● **Task to carry out**: The required result is every line of the records that includes "with".

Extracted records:
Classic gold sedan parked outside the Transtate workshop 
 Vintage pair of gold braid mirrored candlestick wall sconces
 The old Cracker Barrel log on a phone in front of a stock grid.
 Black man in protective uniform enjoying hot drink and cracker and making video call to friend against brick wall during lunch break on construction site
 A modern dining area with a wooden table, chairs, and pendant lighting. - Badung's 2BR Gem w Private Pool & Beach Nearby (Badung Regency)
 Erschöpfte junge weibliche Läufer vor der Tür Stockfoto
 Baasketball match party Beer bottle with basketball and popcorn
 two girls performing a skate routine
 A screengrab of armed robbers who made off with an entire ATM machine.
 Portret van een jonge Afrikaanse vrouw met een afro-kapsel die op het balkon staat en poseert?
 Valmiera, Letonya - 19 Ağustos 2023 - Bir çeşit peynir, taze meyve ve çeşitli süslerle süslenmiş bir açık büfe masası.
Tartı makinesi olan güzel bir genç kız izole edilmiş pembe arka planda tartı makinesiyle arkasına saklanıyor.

● **Response box**:
 A modern dining area with a wooden table, chairs, and pendant lighting. - Badung's 2BR Gem w Private Pool & Beach Nearby (Badung Regency)
 Baasketball match party Beer bottle with basketball and popcorn
 A screengrab of armed robbers who made off with an entire ATM machine.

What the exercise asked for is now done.